I’ve played the Nurse Nightingale role and I’ve played it well, but now I’m ready to tell you what I really think — getting sick is for the weak and for those who read the newspapers and think that Ebola is something they’re likely to pick up in their local swimming pool unless they use industrial-strength hand sanitizer gel.

I just feel like I’m better than that.

As a result of this, you can imagine my surprise when I woke up last week feeling a little, well, strange.

I could barely breathe; I was wheezing; there was this barking noise that seemed to come from my chest.

So I did what every self-respecting 30-year-old does when they’re faced with a challenge — cooking roast chicken, figuring out washing instructions that they can’t understand... I phoned my mother.

Me: Hey mom.

Her: Hey sweetheart. Are you feeling okay?

Me: No. I can’t breathe and my voice sounds weird.

Doesn’t it sound weird?

Her: It sounds like you have a cold.

Me: Don’t be ridiculous. I don’t get sick. But I do keep making this barking noise.

*demonstrates noise.*

Her: Louise, that’s a cough.

Me: Well, whatever it is, it hurts my ribs when I do it.

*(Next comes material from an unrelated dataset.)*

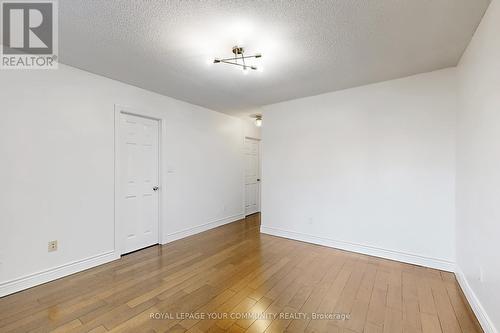 76A Amsterdam Avenue, Toronto, ON - Indoor Photo Showing Other Room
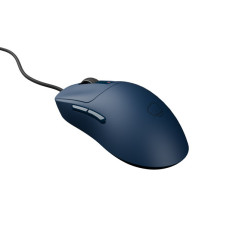Fury | Gaming Mouse | Tanto T4 | Wired | USB | Blue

Her: Oh my god, you have pneumonia. Is that house in Dublin warm enough? Is it?

Me: I DO NOT HAVE PNEUMONIA. I DO NOT GET SICK. PNEUMONIA IS FOR OLD PEOPLE.

Her: Louise, stop yelling at me. Go to the pharmacy.

The pharmacy.

The pharmacy, she says in such a casual tone, as if I haven’t been sneering at Western medicine for the last 10 years and telling people that they should be able to cure a broken elbow/collar bone/heart with some Echinacea and some positive thinking.

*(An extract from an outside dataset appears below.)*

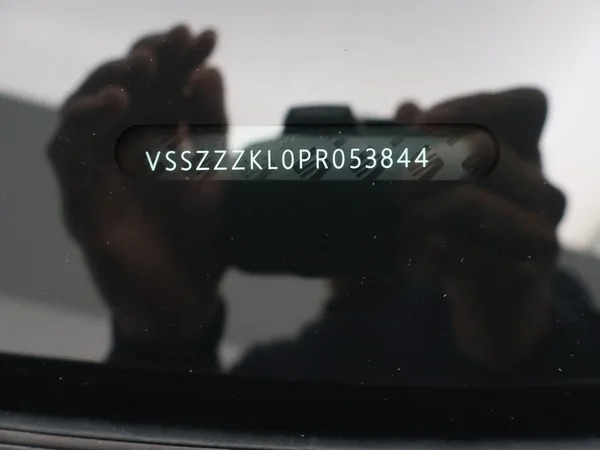 CUPRA Leon (2023) — foto 21 van 31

I lay in bed for another couple of hours after that, visualising a healing light sweeping my body of all toxins, before falling into a coughing fit so long that I’m pretty sure it constitutes a near-death experience.

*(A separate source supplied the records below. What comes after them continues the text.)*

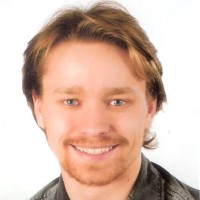 Dominic Bröking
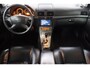 Toyota Avensis Wagon 2.0 VVTi Automaat Business Pro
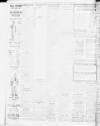 Shields Daily Gazette Monday 02 July 1923 Page 6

After sneezing 15 times in a row (NB: It was nothing like an orgasm. The teen magazines of the late 90s were lying to me), I wanted to kill myself, all the healthy people in the world, and then God for creating a world where head colds exist.

I quickly abandoned all previously-held convictions and bought so many over-the-counter drugs that I looked like I was about to set up my own crystal meth lab.

There are two days afterwards that cannot be accounted for.

I would like to take this opportunity to apologise for any.. inappropriate text messages I may have sent and I place all responsibility onto the very-drowsy-indeed cough syrup.

Please forgive me, every man I’ve met in the last six months.

But look, it worked.

I’m back to full health and have very reluctantly put the Solpadeine away because knowing my luck, I’d become addicted and have to go to rehab and none of the cool girls would want to hang out with me.

“Do you see your wan?” they’d say derisively, “addicted to Calpol she is” and then they’d all laugh at me behind my back.

The shame of it would kill me.

PS — To any friends who doubt the veracity of the above account as they can recall numerous occasions where I’ve been ill, I have a confession to make.

I was only pretending to be sick because I didn’t feel like washing my hair and leaving the house. I’m sorry.